- Directed by: K. Krishnan
- Written by: K. Krishnan
- Produced by: A. G. Subramanian
- Starring: Rajkiran; Khushbu; Vineetha;
- Cinematography: Ravi Shankar
- Edited by: A. K. Shankar C. Srinivasan
- Music by: Deva
- Production company: AGS Films International
- Release date: 10 April 1998;
- Running time: 135 minutes
- Country: India
- Language: Tamil

= Ponnu Velayira Bhoomi =

Ponnu Velayira Bhoomi is a 1998 Indian Tamil-language comedy drama film directed by K. Krishnan. The film stars Rajkiran, Khushbu and Vineetha, with Manivannan, Vadivelu, R. Sundarrajan, Vennira Aadai Moorthy, Vittal Rao and Latha in supporting roles. It was released on 10 April 1998.

== Plot ==

Palanisamy (Rajkiran) is a kind-hearted rich farmer and he soon becomes the village chief. Palanisamy is known in his village for holding demonstrations. The poor village girl Valli (Vineetha) falls in love with Palanisamy until Valli knows that Palanisamy is in fact married to Pushpa (Khushbu) who is mentally ill.

In the past, Pushpa was an arrogant english-medium school owner. She first clashed with Palanisamy, then they fell in love with each other. On a misunderstanding, they get married and they lived happily together. Pushpa's father (Vittal Rao) wanted to take revenge on Palanisamy. During her childbirth, Pushpa's newborn baby died and Pushpa couldn't get pregnant again. Just after this incident, Pushpa became mentally ill.

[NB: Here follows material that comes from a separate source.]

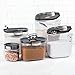 ProKeeper+ 9-Piece Airtight Food Storage Container Set – Clear Plastic Flour and Sugar Canister Set with Magnetic Accessories for Kitchen Organization (Grey, 9-Piece)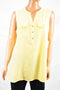 Charter Club Women Sleeveless Henley Buttoned Yellow 2-Pocket Tunic Blouse Top L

Valli decides to take care of Pushpa. Later, at the village court, Valli claims that Palanisamy married her. In the meantime, Pushpa becomes again as she was and the upset Pushpa goes back to her parents. Palanisamy feels lost.

Meanwhile, the farmers have been scammed by a vicious businessman (Manivannan) and Pushpa's father. Palanisamy recovers the farmers' properties and ultimately saves Pushpa's father from the angry farmers. Pushpa then reveals to Palanisamy that she wanted to see Palanisamy having a baby so she plans everything with Valli's help. Palanisamy and Valli forgive Pushpa. Palanisamy and Pushpa live happily ever after.

== Production ==
The film took over a year to make, and had a delayed release.

== Soundtrack ==
The soundtrack was composed by Deva, with lyrics written by Vaali.

| Song | Singer(s) | Duration |
|---|---|---|
| "Paattu Kattum Kuyilu" | Swarnalatha | 5:09 |
| "Oorae Mathichi Nikkum" | Swarnalatha, Mano | 4:09 |
| "Poya Unn Moonjila" | Swarnalatha, Anuradha Sriram, Vadivelu, Deva | 3:36 |
| "Vettu Vettu" | K. S. Chithra | 4:33 |
| "Manja Thalikatti" | S. P. Balasubrahmanyam | 5:55 |

==Release==
The film was a commercial success.

== Legacy ==
The dialogue "Sodhikadinga Da Ennaya" (Don't test my patience) spoken by Vadivelu became popular and has entered Tamil vernacular.